Retype exactly the lines below, starting with the line that contains "WBAAM3336XFP51270 - 1999" and ending with the last line; leave out any pictures.

━━━━━ INFORMATION SHOWN ━━━━━

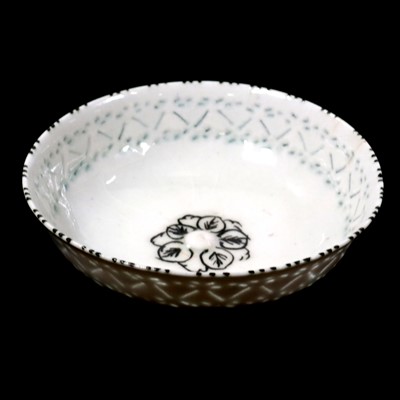 Lot 16 - Safavid Gombroon bowl, 17th/18th Century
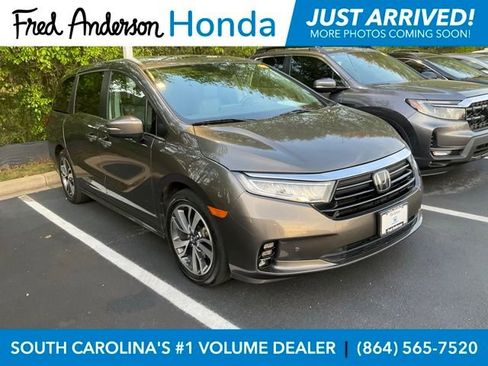 Used 2021 Honda Odyssey Touring image 1
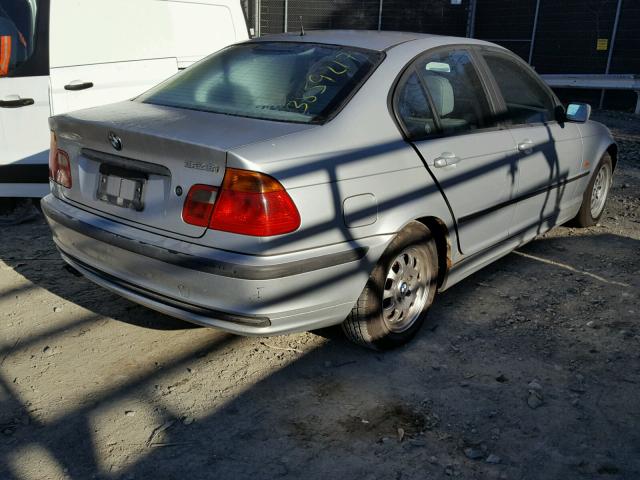 WBAAM3336XFP51270 - 1999 BMW 323I AUTOM SILVER photo 4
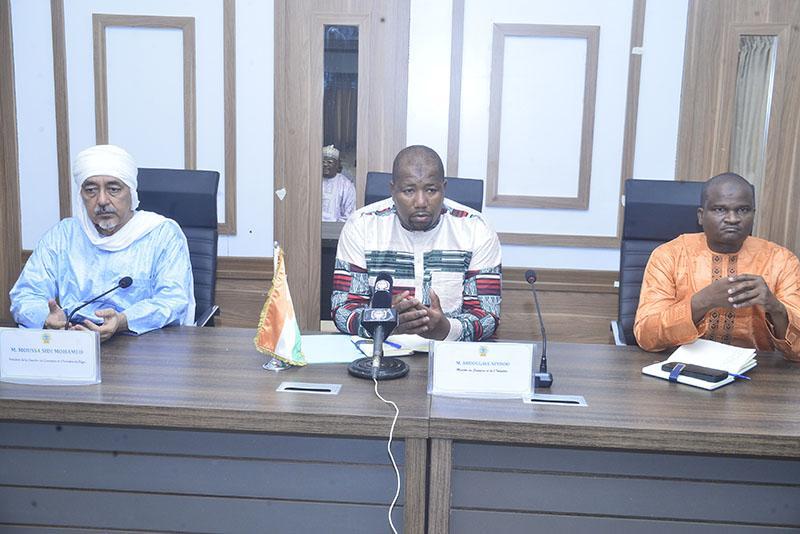 A la Chambre de Commerce et d’industrie du Niger : Le ministre Abdoulaye Seydou rencontre les opérateurs économiques A la Chambre de Commerce et d’industrie du Niger : Le ministre Abdoulaye Seydou rencontre les opérateurs économiques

━━━━━

--- EXERCISE RESPONSE ---
 WBAAM3336XFP51270 - 1999 BMW 323I AUTOM SILVER photo 4
 A la Chambre de Commerce et d’industrie du Niger : Le ministre Abdoulaye Seydou rencontre les opérateurs économiques A la Chambre de Commerce et d’industrie du Niger : Le ministre Abdoulaye Seydou rencontre les opérateurs économiques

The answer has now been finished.